Jordan’s military has released security camera footage of an attack by a Jordanian soldier that killed three U.S. Army Green Berets at an air base in the kingdom last year, straining relations between the U.S. and one of its key allies in the Middle East.
The incident occurred on Nov. 4, 2016, when a U.S. military convoy came under fire as it entered the al-Jafr base in southern Jordan. Staff Sgt. Matthew C. Lewellen, 27, Staff Sgt. Kevin J. McEnroe, and Staff Sgt. James F. Moriarty were killed in the ensuing gun battle. All three were members of the Fort Campbell, Kentucky-based 5th Special Force Group and deployed to Jordan on a training mission.

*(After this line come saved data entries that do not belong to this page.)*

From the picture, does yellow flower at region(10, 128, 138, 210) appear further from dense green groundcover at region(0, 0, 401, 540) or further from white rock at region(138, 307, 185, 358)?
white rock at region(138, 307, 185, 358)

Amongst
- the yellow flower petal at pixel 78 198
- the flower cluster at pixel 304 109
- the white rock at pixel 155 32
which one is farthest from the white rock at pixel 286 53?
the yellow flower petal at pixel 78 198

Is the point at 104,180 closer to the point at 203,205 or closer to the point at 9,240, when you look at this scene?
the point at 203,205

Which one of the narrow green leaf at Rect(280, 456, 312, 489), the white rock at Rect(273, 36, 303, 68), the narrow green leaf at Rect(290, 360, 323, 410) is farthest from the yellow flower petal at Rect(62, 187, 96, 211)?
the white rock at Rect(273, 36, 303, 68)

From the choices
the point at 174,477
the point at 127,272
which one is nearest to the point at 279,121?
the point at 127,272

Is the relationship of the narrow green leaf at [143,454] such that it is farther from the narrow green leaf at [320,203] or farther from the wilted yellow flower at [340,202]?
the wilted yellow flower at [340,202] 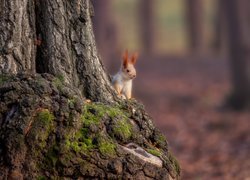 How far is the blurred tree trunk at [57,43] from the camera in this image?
645cm

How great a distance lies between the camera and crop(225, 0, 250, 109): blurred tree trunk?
20312 mm

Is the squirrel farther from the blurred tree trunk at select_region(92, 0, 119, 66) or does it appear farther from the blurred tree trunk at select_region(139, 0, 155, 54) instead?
the blurred tree trunk at select_region(139, 0, 155, 54)

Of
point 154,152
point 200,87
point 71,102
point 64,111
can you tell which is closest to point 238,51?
point 200,87

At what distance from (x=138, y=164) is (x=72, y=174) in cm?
58

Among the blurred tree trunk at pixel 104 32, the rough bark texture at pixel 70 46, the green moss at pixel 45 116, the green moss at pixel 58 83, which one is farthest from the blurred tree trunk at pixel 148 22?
the green moss at pixel 45 116

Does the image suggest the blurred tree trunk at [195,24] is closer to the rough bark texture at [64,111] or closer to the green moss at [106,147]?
the rough bark texture at [64,111]

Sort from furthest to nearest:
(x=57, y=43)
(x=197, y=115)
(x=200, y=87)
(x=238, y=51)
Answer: (x=200, y=87) < (x=238, y=51) < (x=197, y=115) < (x=57, y=43)

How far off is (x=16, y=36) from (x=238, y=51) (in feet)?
48.8

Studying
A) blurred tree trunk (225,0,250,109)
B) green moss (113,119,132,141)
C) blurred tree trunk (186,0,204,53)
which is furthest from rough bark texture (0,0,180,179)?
blurred tree trunk (186,0,204,53)

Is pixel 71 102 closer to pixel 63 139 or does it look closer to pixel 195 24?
pixel 63 139

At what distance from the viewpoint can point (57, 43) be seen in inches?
262

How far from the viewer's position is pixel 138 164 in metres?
6.06

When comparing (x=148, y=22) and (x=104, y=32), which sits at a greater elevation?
(x=148, y=22)

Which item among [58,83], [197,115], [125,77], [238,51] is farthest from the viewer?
[238,51] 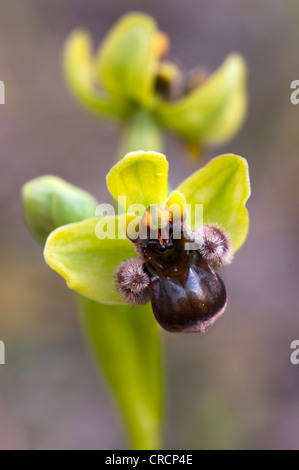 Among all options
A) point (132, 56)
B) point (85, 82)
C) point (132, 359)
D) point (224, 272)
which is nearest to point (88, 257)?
point (132, 359)

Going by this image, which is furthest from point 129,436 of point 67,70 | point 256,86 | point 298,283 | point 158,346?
point 256,86

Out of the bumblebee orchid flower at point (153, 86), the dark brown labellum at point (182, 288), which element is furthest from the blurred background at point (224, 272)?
the dark brown labellum at point (182, 288)

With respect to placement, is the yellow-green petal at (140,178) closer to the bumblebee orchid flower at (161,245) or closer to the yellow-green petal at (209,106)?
the bumblebee orchid flower at (161,245)

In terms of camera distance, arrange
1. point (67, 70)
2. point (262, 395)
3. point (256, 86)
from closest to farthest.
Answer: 1. point (67, 70)
2. point (262, 395)
3. point (256, 86)

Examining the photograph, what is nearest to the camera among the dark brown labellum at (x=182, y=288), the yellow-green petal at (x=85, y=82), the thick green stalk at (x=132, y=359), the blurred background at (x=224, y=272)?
the dark brown labellum at (x=182, y=288)

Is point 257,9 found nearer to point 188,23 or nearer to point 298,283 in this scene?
point 188,23

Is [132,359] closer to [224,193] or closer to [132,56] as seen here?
[224,193]

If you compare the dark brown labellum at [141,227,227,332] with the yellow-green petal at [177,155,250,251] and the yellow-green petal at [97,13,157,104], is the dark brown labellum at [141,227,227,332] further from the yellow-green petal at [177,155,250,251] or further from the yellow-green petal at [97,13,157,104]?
the yellow-green petal at [97,13,157,104] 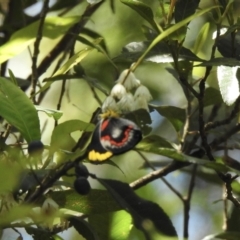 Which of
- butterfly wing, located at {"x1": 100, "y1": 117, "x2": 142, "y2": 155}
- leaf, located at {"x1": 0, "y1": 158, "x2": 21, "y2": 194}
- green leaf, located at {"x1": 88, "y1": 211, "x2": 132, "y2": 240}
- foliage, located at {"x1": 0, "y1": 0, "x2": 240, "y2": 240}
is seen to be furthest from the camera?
→ green leaf, located at {"x1": 88, "y1": 211, "x2": 132, "y2": 240}

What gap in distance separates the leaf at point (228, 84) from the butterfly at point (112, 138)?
0.24 meters

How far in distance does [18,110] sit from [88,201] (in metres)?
0.18

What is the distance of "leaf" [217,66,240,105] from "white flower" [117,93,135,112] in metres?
0.14

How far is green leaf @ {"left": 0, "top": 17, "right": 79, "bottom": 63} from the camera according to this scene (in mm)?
938

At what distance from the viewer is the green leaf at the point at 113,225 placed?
3.04ft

The six-minute-long video appears to confirm what the fathers of the three victims have been saying since U.S. law enforcement showed them the previously undisclosed footage earlier this year: Their sons were murdered in cold blood.
A Jordanian military court arrived at a similar conclusion last week when it sentenced the gunman, 1st Sgt. Marik al-Tuwayha, to life in prison with hard labor.
The guilty verdict was handed down despite al-Tuwayha’s insistence that he opened fire out of fear that the air base was under attack — a version of events that both the Jordanian media and government had clung to in the wake of the shooting.
“I have all the respect for the king, but I was doing my job,” al-Tuwayha said as he was being led out of the courtroom on July 17. As CBS News notes, in Jordan, life in prison can mean 20 years, with time off for good behavior. Al-Tuwayha’s attorney told CBS that he plans to file an appeal.
Al-Tuwayha, who was guarding the entrance of the base when the attack occurred, only stopped shooting at the Green Berets after he was seriously wounded in the exchange. In the video, he appears armed with an assault rifle while two Americans return fire with pistols after scrambling for cover behind low concrete barriers.
The security footage was posted by Hala Akhbar, a news site linked to the Jordanian military. Al-Tuwayha “had acted against orders and military instructions and had not acted in self-defense.”
Jordan initially said that the Americans had triggered the attack by disobeying rules for entering the base, but ultimately discarded that claim amid mounting evidence that the shooting was unprovoked.
In April, McEnroe’s father, Brian McEnroe, implored President Donald Trump to stop giving Jordan over a billion dollars in aid each year. “We ask that you reconsider our relationship to an ally that murders our soldiers then lies about it,” McEnroe wrote in a letter to the president that was posted to Facebook.
By that point, Brian McEnroe had already seen the footage, which appears to show the four-vehicle U.S. convoy coming under fire as soon as it passes through a gate at the entrance of the base. A Jordanian soldier can be seen running away as rounds begin to impact around the trucks.
According to relatives of the victims, Lewellen and McEnroe were in the first vehicle and were waiting to enter a second gate when al-Tuwayha began shooting from within a guard shack. McEnroe was reportedly killed instantly while Lewellen was mortally wounded.
“There was no warning for my son, Sgt. First Class Lewellen or Staff Sgt. McEnroe,” Lewellen’s father, Charlies Lewellen, told Stars and Stripes in March. “They were murdered by an ally officer of the Jordanian Army.”
But only the last two vehicles in the convoy, its occupants, and al-Tuwayha appear in the released footage as the attack is unfolding.
In that portion of the video, two U.S. soldiers — one of them Moriarty and the other an unidentified Green Beret — exit the trucks and dive behind a set of nearby barricades. The men wave their hands but the gunman continues to advance. Relatives say the victims yelled that they were friendly forces, according to the Associated Press.
The video concludes with Moriarty slumping over after being shot, while the fourth Green Beret, who was wounded but survived, uses his pistol to neutralize al-Tuwayha at close range.